Haa, le voilà, le fond de la pensée de notre chroniqueur ! À croire que le reste de l’article n’est là que pour emballer un peu ces propos. Et oui, les finances publiques sont forcément « dégradées », et le système français toujours « lourd » et « archaïque ». C’est comme ça. Tout le monde vous le répète, vous n’avez pas encore compris ? Évidemment, tout cela nécessiterait des réformes « difficiles » (mais certaines personnes privilégiées sont contre, suivez mon regard). La dernière phrase ne veut pas dire grand’chose, mais elle rempli le temps d’antenne.

Personnalisation de la politique

J’arrête ici, car le reste est à l’avenant ; je ne peux passer cependant sous silence ce petit paragraphe :

« Mais, quelle que soit la priorité que l’on veuille donner au fond des choses, les deux tâches dont on vient de parler, seront d’autant mieux réalisées que le Parti socialiste aura résolu rapidement et dans le rassemblement, la question de leadership qui le fragilise depuis 2002. C’est l’épreuve fondamentale qui attend François Hollande.

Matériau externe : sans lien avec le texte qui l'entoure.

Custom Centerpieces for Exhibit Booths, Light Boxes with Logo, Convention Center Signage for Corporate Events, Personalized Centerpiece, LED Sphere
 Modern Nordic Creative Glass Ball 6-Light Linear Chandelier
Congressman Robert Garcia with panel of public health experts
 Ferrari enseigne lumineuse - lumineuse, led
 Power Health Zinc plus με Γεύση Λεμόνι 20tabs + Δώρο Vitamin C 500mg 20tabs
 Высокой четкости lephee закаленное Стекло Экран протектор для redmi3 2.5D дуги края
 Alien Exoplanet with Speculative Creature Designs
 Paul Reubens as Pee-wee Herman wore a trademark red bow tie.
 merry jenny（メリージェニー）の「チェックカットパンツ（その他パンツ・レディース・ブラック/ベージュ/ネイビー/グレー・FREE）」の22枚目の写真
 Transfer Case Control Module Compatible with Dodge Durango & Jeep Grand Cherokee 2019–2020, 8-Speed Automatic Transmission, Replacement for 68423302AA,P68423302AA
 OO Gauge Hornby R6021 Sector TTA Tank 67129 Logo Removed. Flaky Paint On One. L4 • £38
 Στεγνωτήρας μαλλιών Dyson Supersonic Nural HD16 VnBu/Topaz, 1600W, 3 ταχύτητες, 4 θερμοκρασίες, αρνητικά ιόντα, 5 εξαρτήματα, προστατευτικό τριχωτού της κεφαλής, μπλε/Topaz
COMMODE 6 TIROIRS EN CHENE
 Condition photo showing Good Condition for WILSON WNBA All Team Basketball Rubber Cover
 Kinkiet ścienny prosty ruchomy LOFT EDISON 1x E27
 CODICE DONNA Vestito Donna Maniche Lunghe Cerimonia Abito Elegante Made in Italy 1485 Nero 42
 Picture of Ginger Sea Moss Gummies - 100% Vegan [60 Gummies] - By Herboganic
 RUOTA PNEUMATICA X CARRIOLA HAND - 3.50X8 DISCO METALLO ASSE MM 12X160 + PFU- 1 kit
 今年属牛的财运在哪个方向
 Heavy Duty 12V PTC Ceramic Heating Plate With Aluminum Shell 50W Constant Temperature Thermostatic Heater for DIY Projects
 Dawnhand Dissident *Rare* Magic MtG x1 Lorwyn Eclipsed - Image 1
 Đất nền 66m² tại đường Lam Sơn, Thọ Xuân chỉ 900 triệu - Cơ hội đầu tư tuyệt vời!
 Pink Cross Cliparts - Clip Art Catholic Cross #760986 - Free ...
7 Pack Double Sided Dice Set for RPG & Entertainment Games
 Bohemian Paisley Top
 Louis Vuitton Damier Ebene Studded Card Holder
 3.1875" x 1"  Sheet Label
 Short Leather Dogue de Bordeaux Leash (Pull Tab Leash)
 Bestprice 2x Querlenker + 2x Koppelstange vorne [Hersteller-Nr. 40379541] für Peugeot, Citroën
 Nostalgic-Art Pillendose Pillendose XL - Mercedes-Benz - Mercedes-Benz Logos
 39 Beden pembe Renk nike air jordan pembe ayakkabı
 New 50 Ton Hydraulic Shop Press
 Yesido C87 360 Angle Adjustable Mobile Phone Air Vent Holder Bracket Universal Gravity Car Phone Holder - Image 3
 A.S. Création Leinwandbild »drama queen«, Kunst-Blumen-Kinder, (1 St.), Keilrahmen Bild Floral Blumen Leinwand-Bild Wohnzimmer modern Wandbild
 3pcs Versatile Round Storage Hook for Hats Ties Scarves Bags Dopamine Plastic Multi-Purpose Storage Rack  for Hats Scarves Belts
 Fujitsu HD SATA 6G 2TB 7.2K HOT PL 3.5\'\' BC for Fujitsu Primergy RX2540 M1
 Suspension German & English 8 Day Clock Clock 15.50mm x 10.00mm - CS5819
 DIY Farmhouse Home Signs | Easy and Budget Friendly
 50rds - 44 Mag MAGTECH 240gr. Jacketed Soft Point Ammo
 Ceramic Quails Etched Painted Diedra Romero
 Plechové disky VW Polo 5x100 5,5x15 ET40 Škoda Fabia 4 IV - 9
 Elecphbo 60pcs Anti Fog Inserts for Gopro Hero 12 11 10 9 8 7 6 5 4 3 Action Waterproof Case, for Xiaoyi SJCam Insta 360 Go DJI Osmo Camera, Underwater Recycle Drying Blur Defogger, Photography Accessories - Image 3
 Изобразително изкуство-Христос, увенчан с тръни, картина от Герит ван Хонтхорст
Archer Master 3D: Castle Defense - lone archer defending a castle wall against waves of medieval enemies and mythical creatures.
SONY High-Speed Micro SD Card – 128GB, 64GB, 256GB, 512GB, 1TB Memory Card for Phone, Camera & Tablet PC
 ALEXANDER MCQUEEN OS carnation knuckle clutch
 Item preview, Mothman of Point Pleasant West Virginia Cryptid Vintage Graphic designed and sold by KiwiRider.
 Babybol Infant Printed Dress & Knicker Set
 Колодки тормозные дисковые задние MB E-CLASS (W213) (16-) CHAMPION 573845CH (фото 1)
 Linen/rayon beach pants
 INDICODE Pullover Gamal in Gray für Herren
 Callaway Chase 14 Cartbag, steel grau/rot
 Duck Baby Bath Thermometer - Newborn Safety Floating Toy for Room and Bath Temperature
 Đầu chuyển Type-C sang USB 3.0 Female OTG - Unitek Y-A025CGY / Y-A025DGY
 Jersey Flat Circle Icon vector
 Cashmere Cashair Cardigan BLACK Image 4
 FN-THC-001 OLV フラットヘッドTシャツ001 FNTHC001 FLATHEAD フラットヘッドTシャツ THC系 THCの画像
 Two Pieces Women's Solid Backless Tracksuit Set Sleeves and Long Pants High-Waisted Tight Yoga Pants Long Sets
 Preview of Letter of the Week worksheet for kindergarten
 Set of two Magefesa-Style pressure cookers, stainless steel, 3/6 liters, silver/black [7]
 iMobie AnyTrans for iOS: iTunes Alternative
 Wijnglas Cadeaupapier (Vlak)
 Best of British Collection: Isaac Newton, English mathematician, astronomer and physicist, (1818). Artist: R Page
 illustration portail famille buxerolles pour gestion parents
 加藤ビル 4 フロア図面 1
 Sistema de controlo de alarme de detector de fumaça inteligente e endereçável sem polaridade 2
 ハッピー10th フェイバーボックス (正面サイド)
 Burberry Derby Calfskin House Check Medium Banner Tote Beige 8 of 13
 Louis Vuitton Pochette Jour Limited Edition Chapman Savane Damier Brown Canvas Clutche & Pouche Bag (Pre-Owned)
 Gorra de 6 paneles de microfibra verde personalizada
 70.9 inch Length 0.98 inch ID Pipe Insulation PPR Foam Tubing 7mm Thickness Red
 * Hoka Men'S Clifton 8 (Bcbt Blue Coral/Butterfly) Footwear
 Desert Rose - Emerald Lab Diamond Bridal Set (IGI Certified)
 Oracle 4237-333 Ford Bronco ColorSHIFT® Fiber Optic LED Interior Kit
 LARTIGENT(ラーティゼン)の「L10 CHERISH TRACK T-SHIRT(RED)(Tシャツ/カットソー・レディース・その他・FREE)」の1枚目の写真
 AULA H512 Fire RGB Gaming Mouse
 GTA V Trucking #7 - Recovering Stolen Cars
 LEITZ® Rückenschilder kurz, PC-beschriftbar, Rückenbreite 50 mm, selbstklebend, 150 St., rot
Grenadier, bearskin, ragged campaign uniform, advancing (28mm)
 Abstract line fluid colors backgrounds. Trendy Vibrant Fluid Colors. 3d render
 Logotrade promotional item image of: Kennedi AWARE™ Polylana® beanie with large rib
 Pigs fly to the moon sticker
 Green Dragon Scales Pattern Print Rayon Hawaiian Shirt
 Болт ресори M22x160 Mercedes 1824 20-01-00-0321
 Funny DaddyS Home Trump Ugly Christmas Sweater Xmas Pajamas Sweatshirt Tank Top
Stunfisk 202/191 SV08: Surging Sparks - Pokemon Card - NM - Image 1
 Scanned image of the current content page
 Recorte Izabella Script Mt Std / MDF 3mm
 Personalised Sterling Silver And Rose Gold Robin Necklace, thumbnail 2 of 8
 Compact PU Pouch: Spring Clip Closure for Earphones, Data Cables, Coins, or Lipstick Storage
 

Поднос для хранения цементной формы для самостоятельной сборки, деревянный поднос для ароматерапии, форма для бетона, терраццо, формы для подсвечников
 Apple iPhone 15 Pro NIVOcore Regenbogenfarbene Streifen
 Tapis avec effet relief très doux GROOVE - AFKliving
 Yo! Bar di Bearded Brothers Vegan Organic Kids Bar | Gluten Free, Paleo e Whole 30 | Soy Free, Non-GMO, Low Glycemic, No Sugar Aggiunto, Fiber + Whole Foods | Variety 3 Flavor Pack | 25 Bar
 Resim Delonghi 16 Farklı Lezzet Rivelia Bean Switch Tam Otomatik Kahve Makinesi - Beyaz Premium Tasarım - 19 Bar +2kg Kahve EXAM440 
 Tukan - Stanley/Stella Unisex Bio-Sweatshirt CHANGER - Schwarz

Voilà, on y revient, la seule chose qui compte c’est le leadership. Et une formation sans leader, c’est fragile. La conception de la démocratie selon Pierre le Marc est assez étrange : une organisation n’existe qu’en son leader. Peu importe qu’elle représente beaucoup de personnes, l’important c’est le chef. D’où cette image de bataille des chefs, de cours autour de seigneurs, seuls habilités à parler, centres de tous les intérêts. Les idées d’une organisation passent loin derrière, les actions collectives également. Il faut dire que les idées et les action, cela demande du travail, des enquêtes de terrain, de la réflexion. C’est beaucoup plus facile de se nourrir de commentaires en personnalisant les débats. N’est-ce-pas, Pierre le Marc ?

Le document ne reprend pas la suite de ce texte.